Kyrgyz Opposition Leaders Charged With Attempt To Grab Power
October 05, 2012
Three Kyrgyz opposition deputies have been charged with stirring public unrest in an unsuccessful attempt to seize power, amid continued protests by their supporters.
Kamchybek Tashiev, Sadyr Japarov, and Talant Mamytov were transported from their detention facility for a court hearing in a Bishkek district court late on October 5 under heavy police guard.
Earlier in the day, some 700 opposition supporters had gathered in the southern city of Jalal-Abad to demand the immediate release of the three leaders of the Ata-Jurt (Homeland) opposition party.
Tashiev, Japarov, and Mamytov were detained on October 3 for their alleged role in violent protests by about 1,000 demonstrators in the capital, Bishkek.
The protesters were demanding the nationalization of the largest gold-mining operation in Kyrgyzstan, the Kumtor mine, which is owned by a Canada-based company.
Tashiev joined the crowd and called on protesters to overthrow the government. Some protesters broke into the fenced perimeter around the parliament building. Police subsequently dispersed the demonstrators.
Kyrgyzstan's Prosecutor General Aida Salyanova told a parliament session on October 4 that, according to Kyrgyz laws, an attempt to overthrow the government using force is punishable by 12 to 20 years imprisonment.
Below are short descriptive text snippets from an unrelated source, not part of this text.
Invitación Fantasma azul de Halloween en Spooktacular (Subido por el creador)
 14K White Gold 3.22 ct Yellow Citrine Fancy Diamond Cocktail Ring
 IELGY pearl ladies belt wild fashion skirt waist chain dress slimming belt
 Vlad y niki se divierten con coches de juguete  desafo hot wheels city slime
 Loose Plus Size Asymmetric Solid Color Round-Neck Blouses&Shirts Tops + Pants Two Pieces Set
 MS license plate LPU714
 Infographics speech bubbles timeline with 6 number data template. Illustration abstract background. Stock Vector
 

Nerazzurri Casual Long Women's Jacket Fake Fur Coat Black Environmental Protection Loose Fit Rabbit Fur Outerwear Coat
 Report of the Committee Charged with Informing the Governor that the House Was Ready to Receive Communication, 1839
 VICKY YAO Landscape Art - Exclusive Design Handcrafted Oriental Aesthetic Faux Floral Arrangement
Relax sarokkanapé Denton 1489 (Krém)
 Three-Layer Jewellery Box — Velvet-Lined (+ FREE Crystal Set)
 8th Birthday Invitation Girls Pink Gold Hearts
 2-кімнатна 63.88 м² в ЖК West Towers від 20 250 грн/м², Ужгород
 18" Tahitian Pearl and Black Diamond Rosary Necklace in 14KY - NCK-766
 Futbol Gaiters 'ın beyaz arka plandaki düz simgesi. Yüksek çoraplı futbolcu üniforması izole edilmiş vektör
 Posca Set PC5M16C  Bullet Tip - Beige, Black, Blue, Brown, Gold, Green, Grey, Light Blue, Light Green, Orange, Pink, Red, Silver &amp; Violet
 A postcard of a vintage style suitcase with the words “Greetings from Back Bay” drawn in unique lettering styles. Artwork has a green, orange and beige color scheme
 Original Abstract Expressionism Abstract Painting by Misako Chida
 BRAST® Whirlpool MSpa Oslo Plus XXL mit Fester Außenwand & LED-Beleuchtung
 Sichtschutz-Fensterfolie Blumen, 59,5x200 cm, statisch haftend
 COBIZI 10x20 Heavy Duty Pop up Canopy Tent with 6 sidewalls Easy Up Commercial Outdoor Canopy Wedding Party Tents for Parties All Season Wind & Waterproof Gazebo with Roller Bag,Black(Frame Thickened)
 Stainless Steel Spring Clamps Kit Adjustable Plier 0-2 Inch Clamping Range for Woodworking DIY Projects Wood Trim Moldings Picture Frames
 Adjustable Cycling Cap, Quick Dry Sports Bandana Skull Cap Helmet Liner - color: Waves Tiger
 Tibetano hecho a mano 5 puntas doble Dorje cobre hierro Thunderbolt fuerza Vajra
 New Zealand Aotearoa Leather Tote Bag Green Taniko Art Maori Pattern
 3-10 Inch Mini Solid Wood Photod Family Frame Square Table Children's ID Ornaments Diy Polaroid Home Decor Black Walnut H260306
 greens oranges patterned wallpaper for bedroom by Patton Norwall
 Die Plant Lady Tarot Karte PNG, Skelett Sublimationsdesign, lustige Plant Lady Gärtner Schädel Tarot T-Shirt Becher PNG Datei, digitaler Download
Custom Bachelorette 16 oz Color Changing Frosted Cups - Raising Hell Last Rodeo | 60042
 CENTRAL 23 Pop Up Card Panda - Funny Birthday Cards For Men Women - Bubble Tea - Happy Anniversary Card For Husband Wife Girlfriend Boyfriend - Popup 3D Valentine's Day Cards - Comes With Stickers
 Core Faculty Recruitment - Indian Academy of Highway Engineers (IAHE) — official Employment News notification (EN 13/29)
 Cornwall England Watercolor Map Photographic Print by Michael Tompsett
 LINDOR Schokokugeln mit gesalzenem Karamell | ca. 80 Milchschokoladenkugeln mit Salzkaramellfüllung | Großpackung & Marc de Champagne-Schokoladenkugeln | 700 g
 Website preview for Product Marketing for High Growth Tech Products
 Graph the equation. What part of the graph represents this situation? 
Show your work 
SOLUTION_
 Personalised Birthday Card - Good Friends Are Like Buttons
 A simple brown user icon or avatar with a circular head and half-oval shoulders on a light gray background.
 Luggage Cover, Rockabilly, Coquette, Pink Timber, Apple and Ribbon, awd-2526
Ata-Jurt is the largest party in Kyrgyz parliament, although it is not in the governing coalition. The party has its power base in the southern provinces.
Kyrgyz media reported that the situation remained calm in Jalal-Abad on the evening of October 5.
However, the AKIpress news agency reported that supporters of the arrested lawmakers had erected two traditional yurts and put several benches in front of the Jalal-Abad provincial government's headquarters.
Protesters vowed to remain in front of the government building until the court rules in favor of the lawmakers.
Demonstrators also blocked a key highway to Bishkek.
Since gaining independence in 1991, the impoverished Central Asian nation has seen the overthrow of two presidents amid public protests.
President Askar Akaev was cast out of power in 2005 amid weeklong protests against corruption and nepotism.
Five years later, another popular uprising led to president Kurmanbek Bakiev's ouster.